(Data items)
○ ○ ○
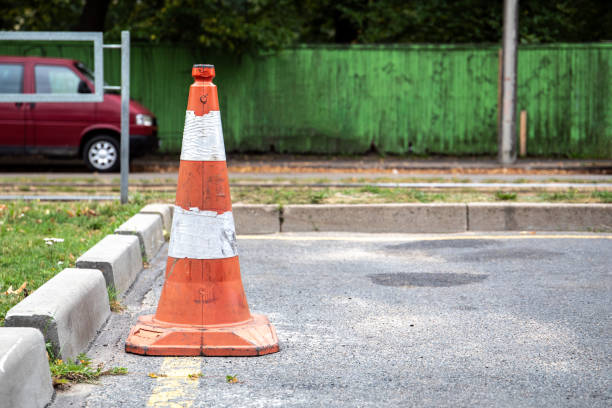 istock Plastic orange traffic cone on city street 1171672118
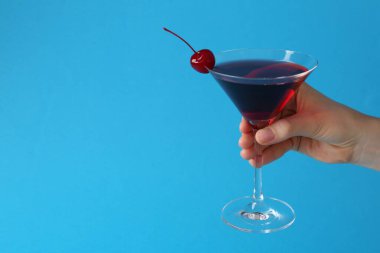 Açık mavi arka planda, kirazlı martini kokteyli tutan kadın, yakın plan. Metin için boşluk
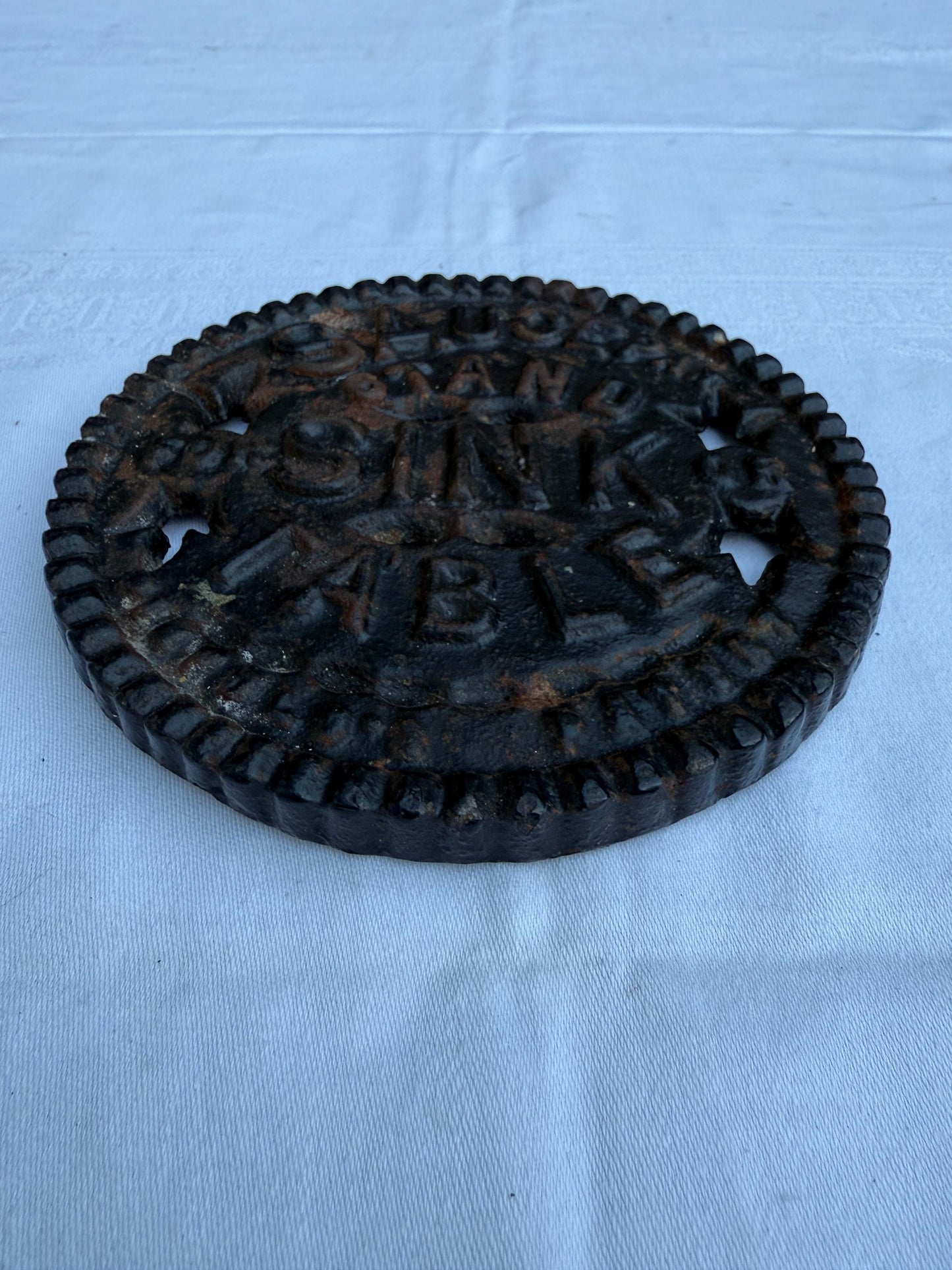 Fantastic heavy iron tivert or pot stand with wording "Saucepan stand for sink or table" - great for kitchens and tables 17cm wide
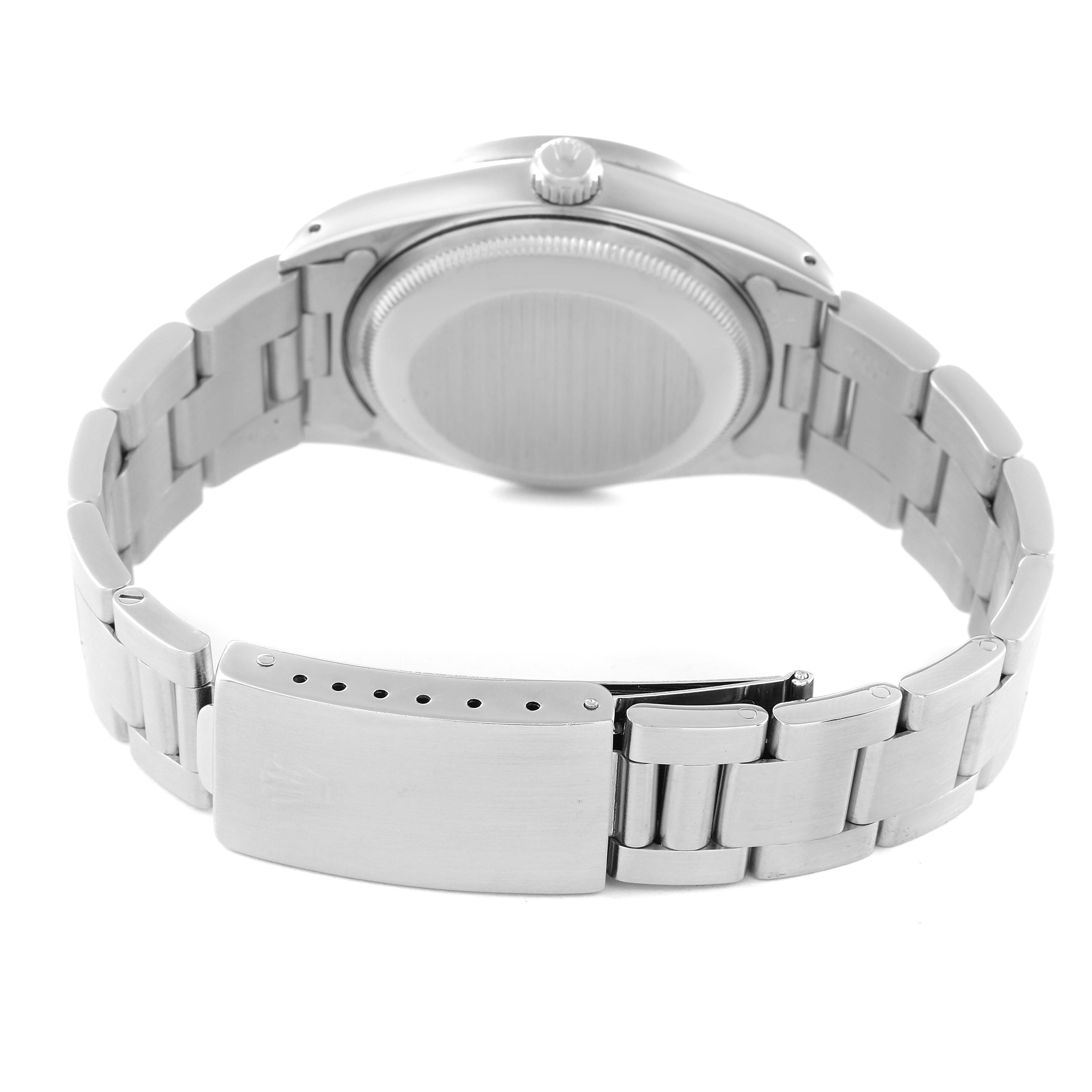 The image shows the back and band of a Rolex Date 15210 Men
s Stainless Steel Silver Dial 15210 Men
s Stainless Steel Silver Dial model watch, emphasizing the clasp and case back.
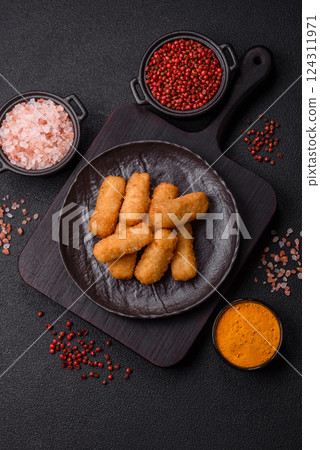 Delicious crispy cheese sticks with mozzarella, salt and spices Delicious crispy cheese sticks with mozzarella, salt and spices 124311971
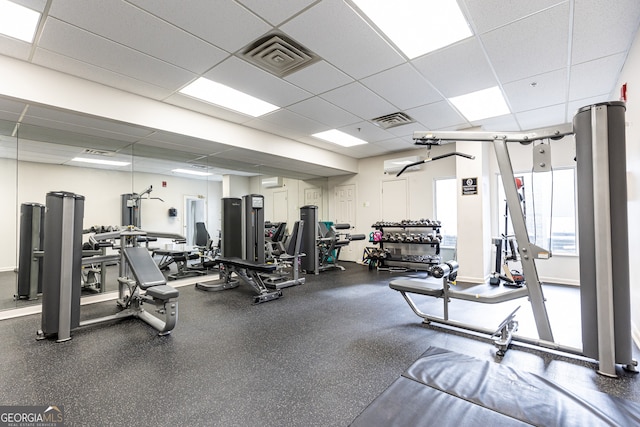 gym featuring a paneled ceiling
○ ○ ○
§ **Problem to solve**
Select the lines from the entries that include the word "Stainless".

§ **Written answer**
s Stainless Steel Silver Dial 15210 Men
s Stainless Steel Silver Dial model watch, emphasizing the clasp and case back.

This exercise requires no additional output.